*** Exercise data

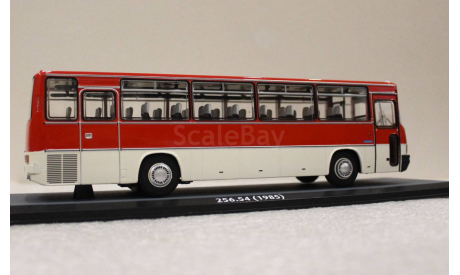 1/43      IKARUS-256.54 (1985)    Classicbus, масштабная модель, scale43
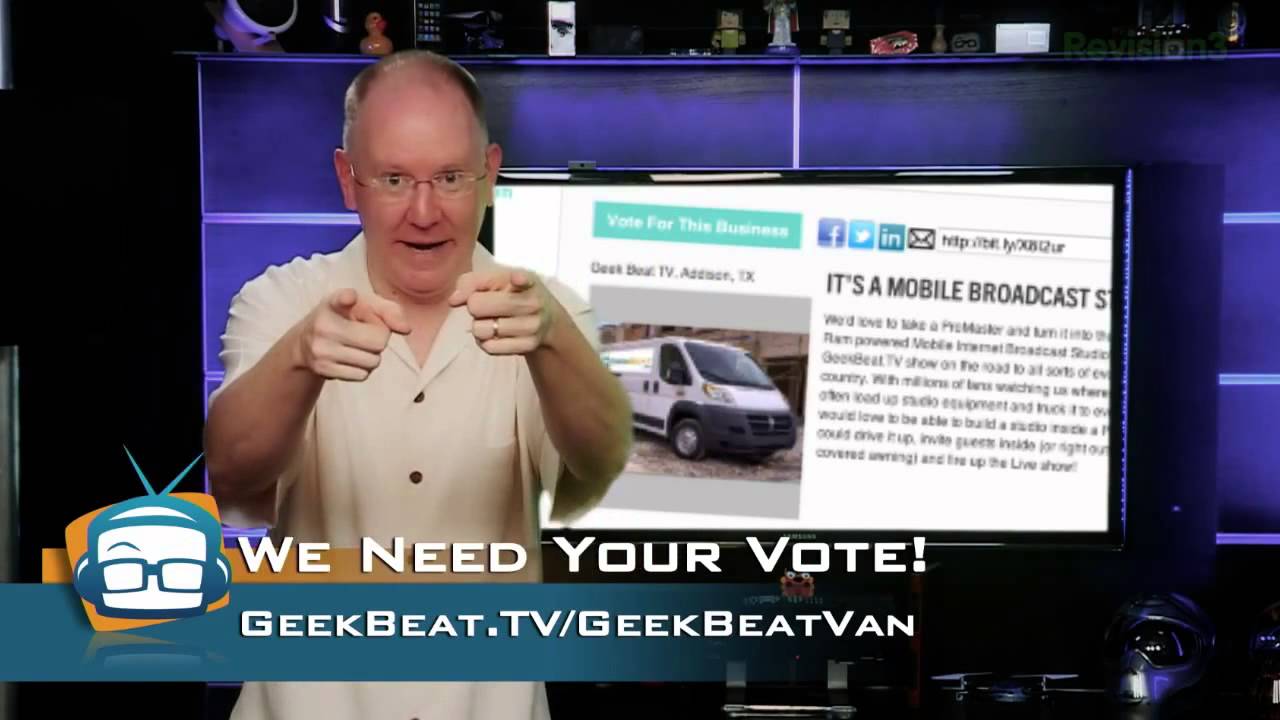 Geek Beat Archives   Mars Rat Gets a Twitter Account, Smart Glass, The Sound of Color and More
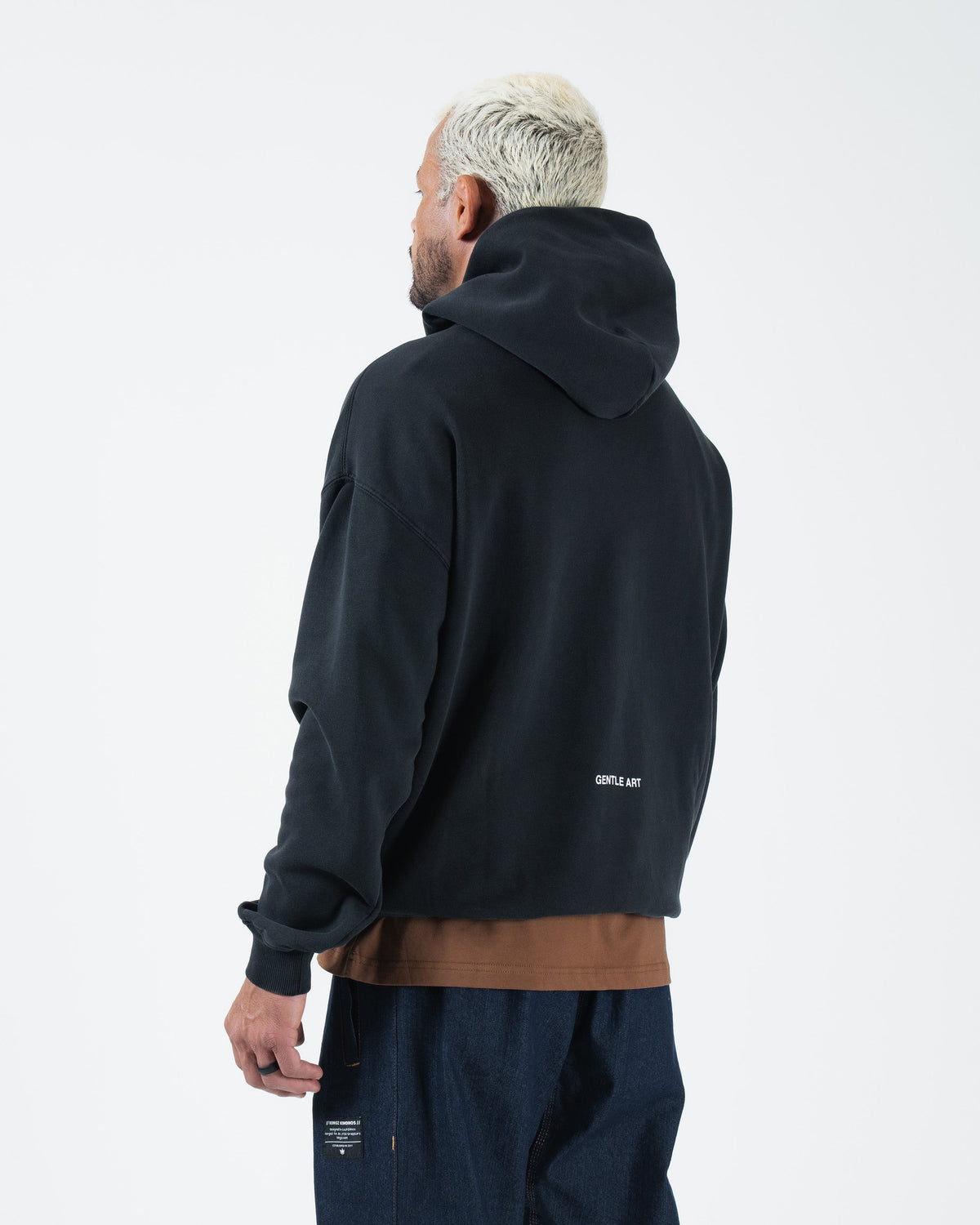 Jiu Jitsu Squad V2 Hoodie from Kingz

******

Please print all the lines above exactly as given and leave out every picture.

Response to this task:
 1/43      IKARUS-256.54 (1985)    Classicbus, масштабная модель, scale43
 Geek Beat Archives   Mars Rat Gets a Twitter Account, Smart Glass, The Sound of Color and More
 Jiu Jitsu Squad V2 Hoodie from Kingz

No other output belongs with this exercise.